Am Samstag übten der Löschzug Montlingen der Feuerwehr Oberriet und ein Löschzug der Ortsfeuerwehr Koblach gemeinsam, wie ein Waldbrand am Montlinger Bergli zu löschen wäre.

Mäx hasler

Montlingen. Vor zwei Jahren hatten die Ortsfeuerwehr Koblach und die Feuerwehr Oberriet, die schon seit Jahren freundnachbarliche Beziehungen pflegen, ennet dem Rhein eine gemeinsame Übung, bei der es um Strassenrettung ging. Damals wurde ein Gegenbesuch abgemacht. Dieser fand am Samstag statt. Diesmal mussten die rund 40 Feuerwehrleute einen Waldrand bekämpfen.

Leitungszusammenbruch

Übungsannahme war, dass im Gebiet Malaunerweg/Bergliweg während einer Grillparty bei aufkommendem Föhnsturm Funkenflug einen Waldbrand entfacht hat. Schwerpunkt der Übung war aber nicht das Löschen, sondern der Aufbau einer Wassertransportleitung über eine relativ grosse Distanz unter Einbezug eines Wasserbeckens und einer Druckverstärkung. Erschwerend wirkte sich aus, dass die Vorarlberger ein anderes System anwenden als die St. Galler.

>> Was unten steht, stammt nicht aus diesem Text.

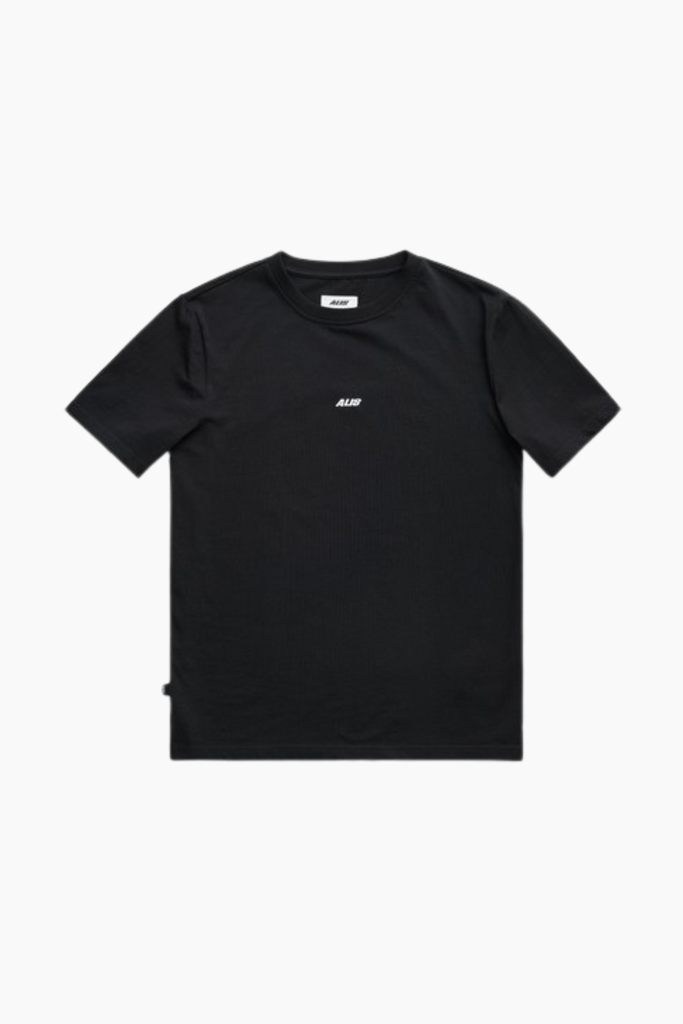 Jeron Essential T-shirt w/Logo - Solid Black - ALIS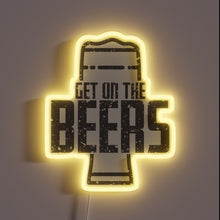 Charger l&#39;image dans la galerie, Vibrant RGB LED Sign Lights Up Your Bar Decorations.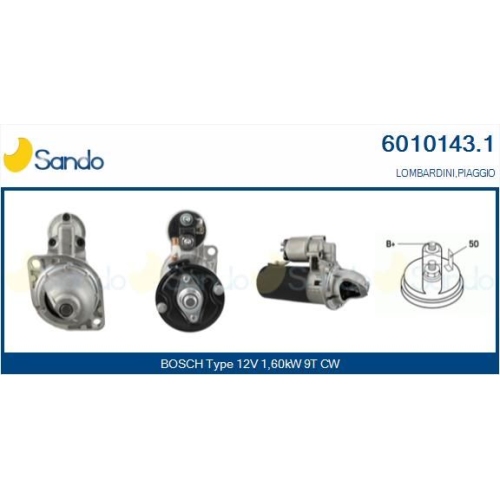 Starter Sando 6010143.1 für Volvo Piaggio Lombardini
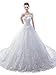 SISJULY Women's Sweetheart Lace Off The Shoulder Ball Gown Wedding Dress 8 White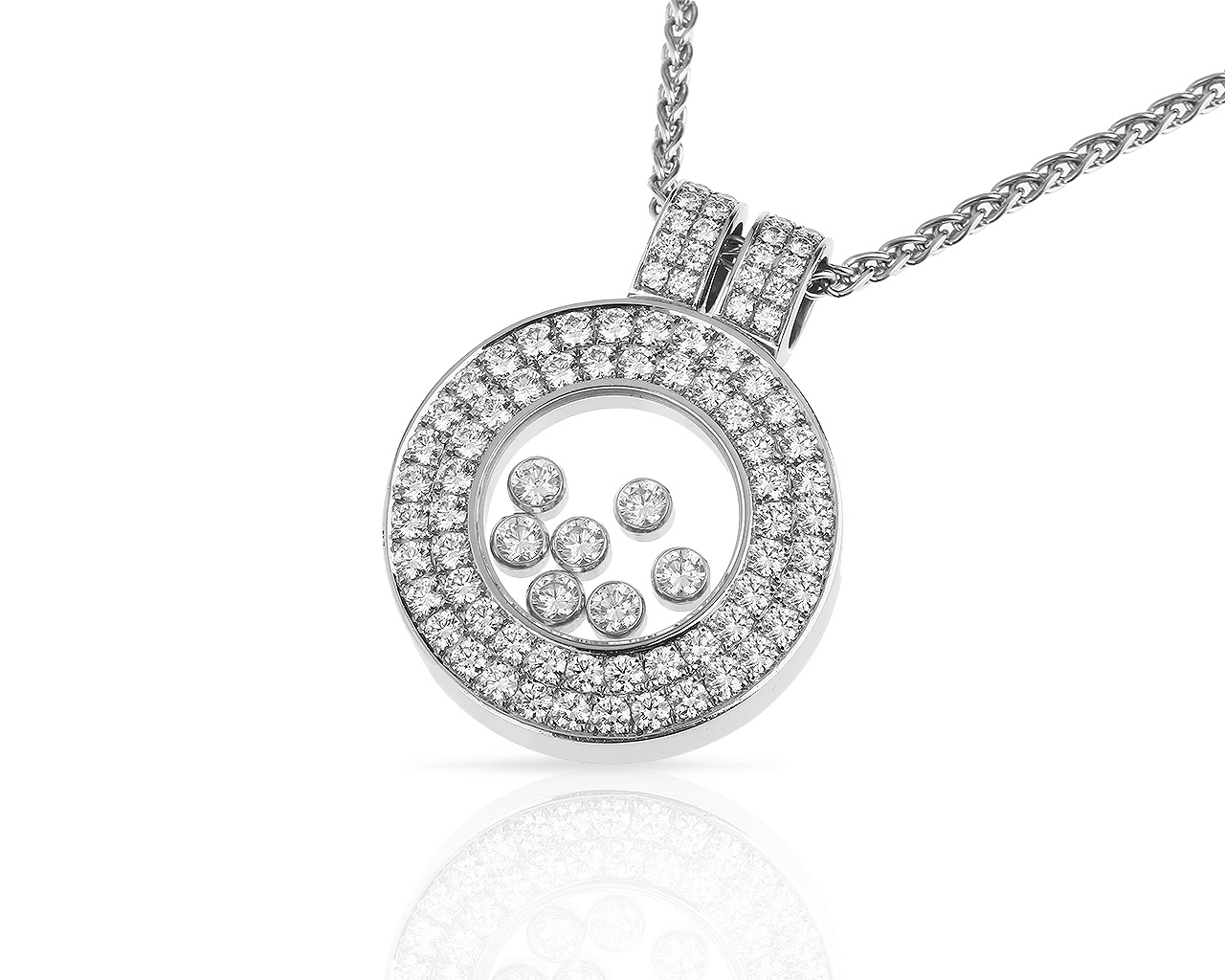 Роскошная золотая подвеска с бриллиантами 2.88ct Chopard 080618/6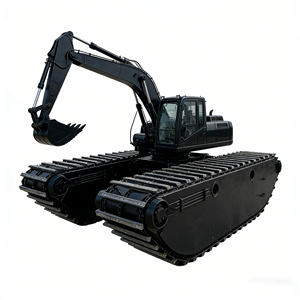 Escavatore Anfibio a Basso Costo con Pontone |   Sottocarro Economico <span class=keywords><strong>per</strong></span> Lavori di Dragaggio e di Manutenzione di Zone Umide - Product Image 5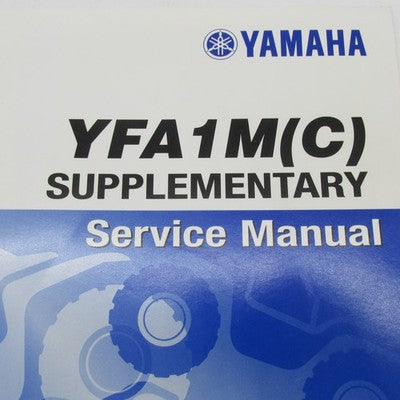 Yamaha YFA1M(C) Supplementary Service Manual LIT-11616-13-04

Weil ein Unglück selten allein kommt, wurde in der Übung ausserdem angenommen, dass das Hydrantennetz zusammengebrochen sei.

Für diese Übung wurde der Zapfenbach gestaut und angezapft. Mittels einer 650 Meter langen Transportleitung über den Zapfenweg, die Tännelistrasse und den Littenweg, vier Motorspritzen und zwei Ausgleichsbecken, 3000 und 10 000 Liter fassend, wurden die Wasserwerfer gespeist. Zusätzlich waren von beiden Feuerwehren noch je ein Tanklöschfahrzeug im Einsatz.

Zu wenig Bachwasser

Der Wasserverbrauch der Wasserwerfer war aber so hoch, dass der Zapfenbach zu wenig Wasser lieferte. Im Ernstfall hätte man darum auch Wasser aus dem Binnenkanal gepumpt. Vorgabe der Übungsleiter war, dass die Wasserwerfer innert 30 Minuten in Betrieb sind. Diese Vorgabe wurde erfüllt. Auf die gelungene Übung, bei der die Feuerwehrler gehörig ins Schwitzen kamen, wurde vor Ort mit einem Bier angestossen.

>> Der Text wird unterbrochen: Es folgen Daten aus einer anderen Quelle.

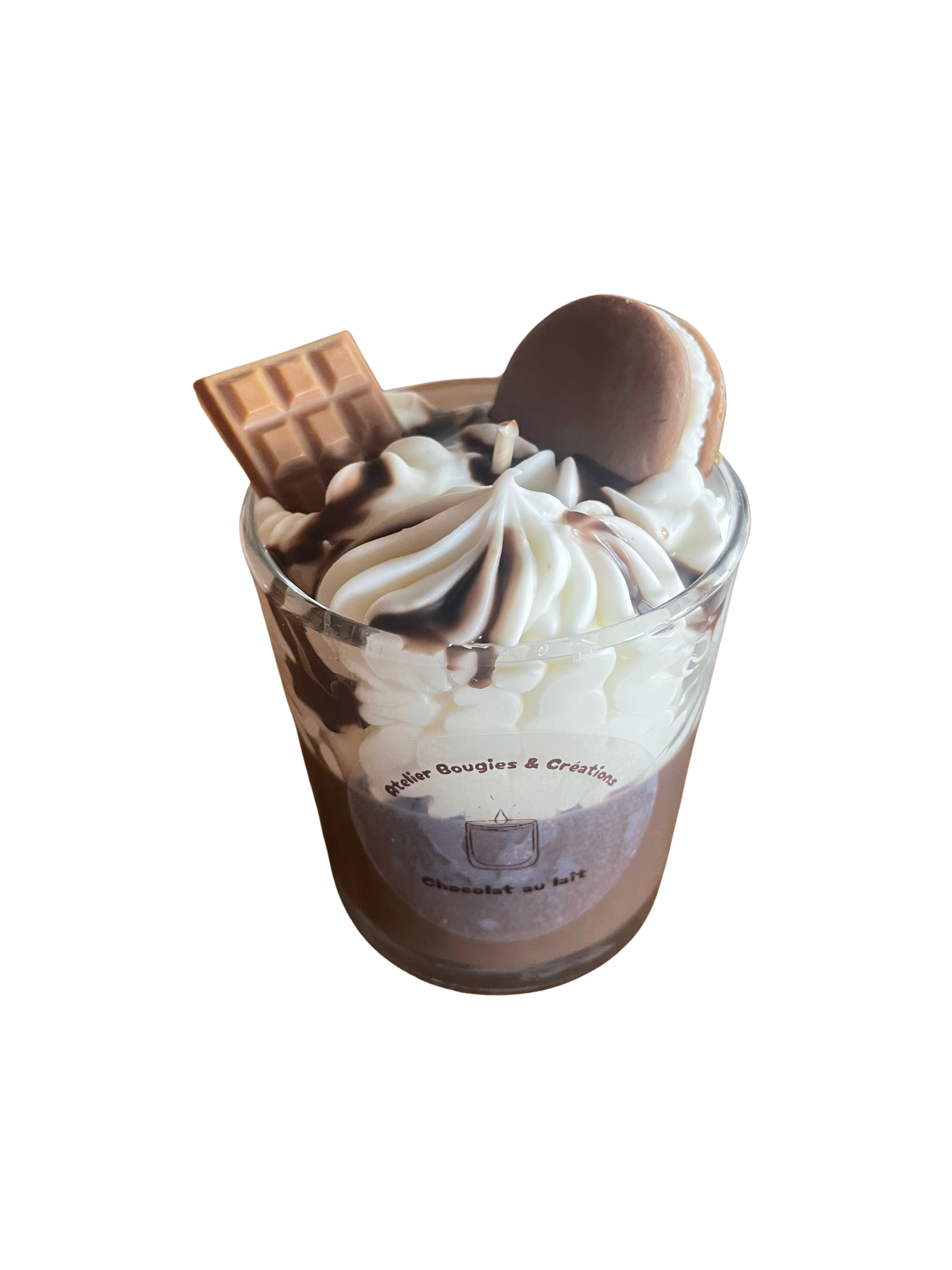 Bougie Chocolat au Lait 🍫 | Cire de Soja naturelle | Atelier Bougies & Créations
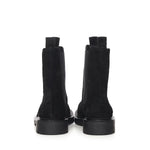 Stivaletti Chelsea in camoscio A56088 NERO CARMENS 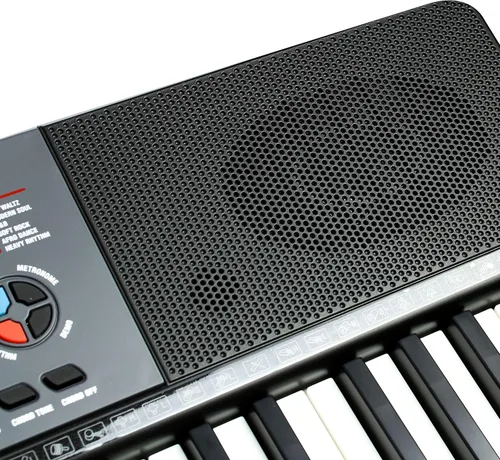 Vista 3 de RockJam Piano de teclado RJ461 de 61 teclas con inclinación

Dieses wurde zur Freude der Teilnehmer von der Familie Kuratli spendiert, die am Bergliweg ein Getränkedepot führt.

Übungsleiter waren der Vizekommandant der Ortsfeuerwehr Koblach, Jürgen Ammann, und Robert Dönni, Zugführer des Zugs 2 der Feuerwehr Oberriet. Übungsbeobachter war Pius Graber, Einsatzleiter Martin Walt von der Feuerwehr Oberriet.

Auch Vizekommandant Walter Seglias und die ehemaligen Feuerwehrkommandanten Urs Wüst, Montlingen, und Dietmar Larcher, Koblach, wollten sich diese aussergewöhnliche Übung nicht entgehen lassen.